Die Außenwand ist mit kleinen Löchern durchsiebt, die einen kleinen Ausblick auf das Moseltal geben. Viel Zeit zum Ausmalen angsteinflößender Absturzgedanken bleibt nicht, denn kaum merklich wurden wir in die Luft gehoben und nach wenigen Augenblicken mit einem kräftigen Ruck auf dem Pfeiler wieder abgestellt. Von leichter Brise kann hier nicht mehr die Rede sein, ein kräftiger Wind lässt meine neonorangene Warnweste flattern. „Hier oben ist es immer windig, das ist normal – ab einer Windgeschwindigkeit von 70 km/h wird der Kran zur Sicherheit automatisch abgeschaltet“, erklärt Christoph Schinhofen, Bauaufseher beim LBM. Für diesen Fall gibt es im Inneren des Pfeilers einen Fahrstuhl, der mit einem Notstromaggregat betrieben wird.
Heute ist die Abnahme der Bewehrung beim vorletzten Schuss. Ein Schuss ist der Abschnitt, um den der Pfeiler in die Höhe wächst. Jeder Schuss ist fünf Meter hoch. Die Fertigstellung jedes Abschnittes dauert zwischen 10 und 14 Tagen. „ Die unterschiedlichen Bauzeiten ergeben sich dadurch, dass alle Pfeiler in der Mitte schmäler, sprich tailliert sind. Durch diese Form ändern sich die Wandstärken und Anzahl der Bewehrungsstäbe.“, weiß Schinhofen.
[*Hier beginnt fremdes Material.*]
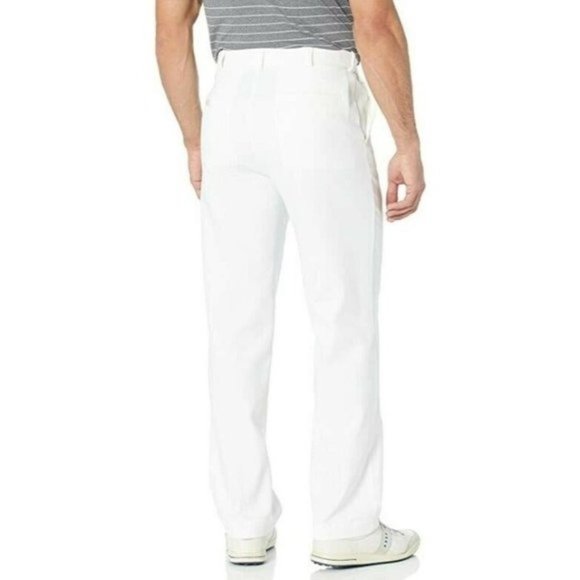 PGA TOUR Men's Flat Front Golf Pant Sz 34x32 White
Jeder fertige Schuss wird durch die Bauaufseher überprüft. Dabei werden Anzahl und Durchmesser, sowie die Anordnung und Abstände der einzelnen Stäbe kontrolliert. Bei diesem Pfeiler also 29 Mal. „Die Bewehrung ist wichtig für die Statik des Pfeilers und damit für die Sicherheit – daher ist die Abnahme bei jedem Schuss so wichtig“, erklärt der Bauingenieur.
Die Bewehrung dient zur Verstärkung des Tragverhaltens im Verbund mit dem Beton. Der Beton kann Druckkräfte aufnehmen, Zug- und Biegezugkräfte müssen von der Bewehrung aufgenommen werden. Die Bewehrung besteht aus senkrechtem und waagerechtem Stabstahl, der zu einem „Korb“ zusammengeflochten wird. Die senkrechten Stäbe wurden wegen der Kraftübertragung teils in dem zuletzt hergestellten Schuss einbetoniert. Die Durchmesser der Stäbe liegen bei diesem Schuss zwischen 10 und 28 mm. Insgesamt werden hier 14,8 Tonnen Stahl eingebaut. 13 LKW- Ladungen Beton werden für diesen Abschnitt, mit einem Gesamtvolumen von 92 Kubikmetern, per Kran in die Höhe transportiert. Bis zu einer Höhe von 50 Metern können dafür noch Pumpen verwendet werden.
Im Schnitt benötigt der Beton drei Tage, um so auszuhärten, dass die sogenannte Selbstkletterschalung für die Herstellung des nächsten Schusses klettern darf. Die Selbstkletterschalung ist eine komplizierte Konstruktion. Der Aufbau der 80 Tonnen schweren Konstruktion dauert rund acht Wochen. Der Beton wird in die Gussform der Selbstkletterschalung gegossen. Wenn dieser dann ausgehärtet ist, wird die Schalung hydraulisch weiter Richtung Pfeilerspitze befördert. Neuer Beton wird eingefüllt und der Vorgang wiederholt sich. Dies geht so weiter, bis der Pfeiler in seiner endgültigen Höhe errichtet ist.
Damit ist die Abnahme fertig – „PAM“ steht schon in den Startlöchern für die nächste Fahrt.